At the beginning of this masterpiece of African literature, Clarence, a white man, has been shipwrecked on the coast of Africa. Flush with self-importance, he demands to see the king, but the king has just left for the south of his realm. Traveling through an increasingly phantasmagoric landscape in the company of a beggar and two roguish boys, Clarence is gradually stripped of his pretensions, until he is sold to the royal harem as a slave. But in the end Clarence’s bewildering journey is the occasion of a revelation, as he discovers the image, both shameful and beautiful, of his own humanity in the alien splendor of the king.
“A classic work of modernism—a signal work in the African canon and one that every lover of literature will admire and enjoy.”
—Henry Louis Gates Jr.
“One of the greatest of the African novels of the colonial period, Camara Laye’s The Radiance of the King has delighted and puzzled generations of readers inside and outside the continent. The delight is in the humor and elegance of the language and narrative.

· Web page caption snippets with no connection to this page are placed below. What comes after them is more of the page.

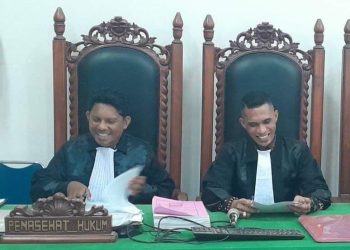 Dugaan Fitnah Kepada Advokat GSA, Kuasa Hukum Terima SP2HP dari Polres Lembata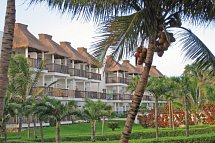 Akumal Bay Beach Resort & Spa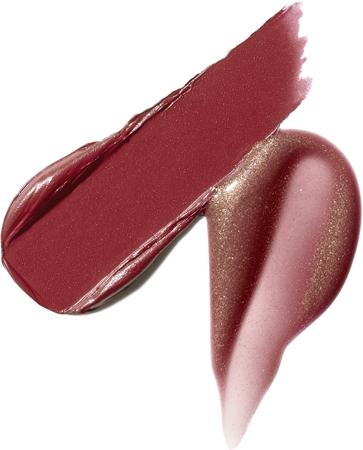 MAC Cosmetics Holiday Viva Glam Lip Duo Gavesæt til læber
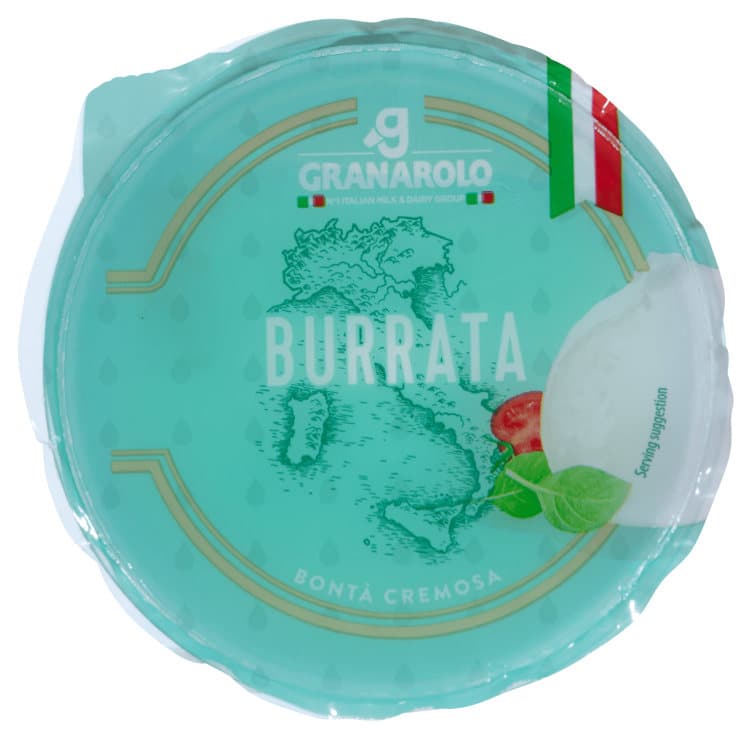 Burrata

The puzzle lies in the book’s wonderfully unsettling end, which calls on us all to respond with an interpretation of our own.”
—Kwame Anthony Appiah
“Allegorical, Kafkaesque and African in a unique way; it is a powerful and disturbing exploration of exile, quest and reconciliation with a power greater than logic or reason.”
—The New York Times Book Review
[Laye’s work] belongs within the tradition of classic world literature, describing a personal and cultural dilemma in accents that speak to all mankind.

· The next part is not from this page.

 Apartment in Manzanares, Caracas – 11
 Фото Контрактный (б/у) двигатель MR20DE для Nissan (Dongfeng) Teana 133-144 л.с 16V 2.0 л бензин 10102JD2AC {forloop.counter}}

The Writings of Camara Laye
“[Laye’s] preoccupation with the possibilities of a deep spiritual experience which the African world seemed to him to offer constitutes the unifying point of view of all his work....[and] finds its supreme expression in Le Regard du Roi....a tour de force.
—Abiola Irene
In Radiance of the King, Laye has written a book which we can read with enjoyment, amusement, and keen absorption, but which occupies the mind in such a way that new perceptions keep rising to its surface when the reading is over.